Если бы убийцы оказались жестокими варварами или садистами-психопатами, шок не был бы так силен. И чувство разочарования тоже.
Адольф Эйхман был обыкновенным человеком. Он хорошо спал, хорошо ел. Был образцовым отцом, достойным супругом. Во время процесса в Иерусалиме я буквально впивался в него глазами, напрягал их до такой степени, что они начинали гореть. Наивный, я ожидал разглядеть у него на лбу некий знак, полагая, что тот, кто долго сеял смерть, волей-неволей должен был вырыть могилу и в своем сердце. Его заурядный вид и совершенно нормальное поведение потрясли меня.
То, как он говорил, как защищался, превращало его дело в абсолютно ясное и до омерзения банальное. С холодной отрешенностью он давал показания ровным, без тени иронии или волнения голосом, монотонно оглашая даты, имена, отчеты. Поначалу он меня напугал. Мне стало ясно: если он психически нормален, мне остается предпочесть безумие. Или он, или я. Что касается меня, у меня не может быть с ним ничего общего. Мы не можем жить на одной земле, в одной вселенной. Не можем подчиняться одним и тем же законам.
И тем не менее он был человеком — как все.
События тех лет показали, что произошла метаморфоза. Она произошла на многих уровнях и затронула все человечество: и экзекуторов, и их жертвы. Первые слишком спешили сделаться экзекуторами, вторые — слишком готовы были принять роль жертв. Сколько для этого потребовалось времени? Ночь? Неделя? Или больше? Год, например, а может быть, три. Время — менее существенный фактор, чем человеческая способность отрекаться от собственного я. Для жертвы «концентрационной» системы более не имело значения, был ли он человеком умственного или физического труда, мрачным студентом или обожаемым супругом. Немного побоев, немного криков — и вот он уже чистый лист, полное исчезновение самоидентификации. Он больше не думает, как думал прежде, не смотрит людям прямо в глаза, да и его собственные глаза изменились. Лагерные законы и лагерная правда заменили все остальные правила и все истины, а заключенному не осталось ничего, как только подчиняться. Будучи голоден, он думал о супе, а не о бессмертии. После изнурительного ночного этапа мечтал об отдыхе, а не о милосердии. Неужели это все, что составляет удел человека?
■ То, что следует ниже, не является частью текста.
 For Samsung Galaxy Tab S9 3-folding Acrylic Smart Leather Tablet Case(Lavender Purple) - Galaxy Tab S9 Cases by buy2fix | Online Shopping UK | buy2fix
Люди силились понять: почему экзекуторов завораживало преступление, а жертвы — смерть, и чем была вымощена дорога в Освенцим. Объяснения менялись в зависимости от исходных теорий, которые учитывали множество разных факторов — от политики до психологии масс, но ни одно не убеждало. Это походило на пробуждение перед стеной мрака. Освенцим свел человека к нулю, даже к еще меньшей величине. А послевоенное поколение испытывало боль и страдание. Ему необходимо было разгадать загадку, назвать по имени силу, ввергающую человека в пучину хаоса, определить природу человеческого падения. Чтобы утолить свою пытливость, следовало бы опросить множество экзекуторов и еще большее количество мертвецов. Но первые слишком давно скрылись из виду, а вторые все еще не обрели могил.
И тогда мы обратились к жертвам — к тем из них, кто выжил. Попросили их обнаружить свое присутствие, покопаться в самых глубинных уголках своего прежнего бытия и рассказывать — рассказывать снова и снова, вплоть до полного изнеможения и дальше: до запредельного исступления. Как оно было? Как это убийцы на самом деле были столь многочисленны и столь сознательно исполняли поставленную перед ними задачу? И машина действительно работала так эффективно? Это вправду был особый мир со своими богами и священнослужителями, своими принципами и законами, своими философами и их учениками? Но тогда как, как же вам удалось выжить? Искусство выживания было известно вам еще до того? И как же вы сохранили вменяемость? А сегодня — как вы можете спать, работать, ходить в ресторан, в кино? Как это вы можете общаться с людьми и есть с ними за одним столом?
Людям хотелось узнать все, получить ответы на все вопросы, чтобы ничего не осталось скрытым в темноте. Ведь именно таинственность пугала их больше всего.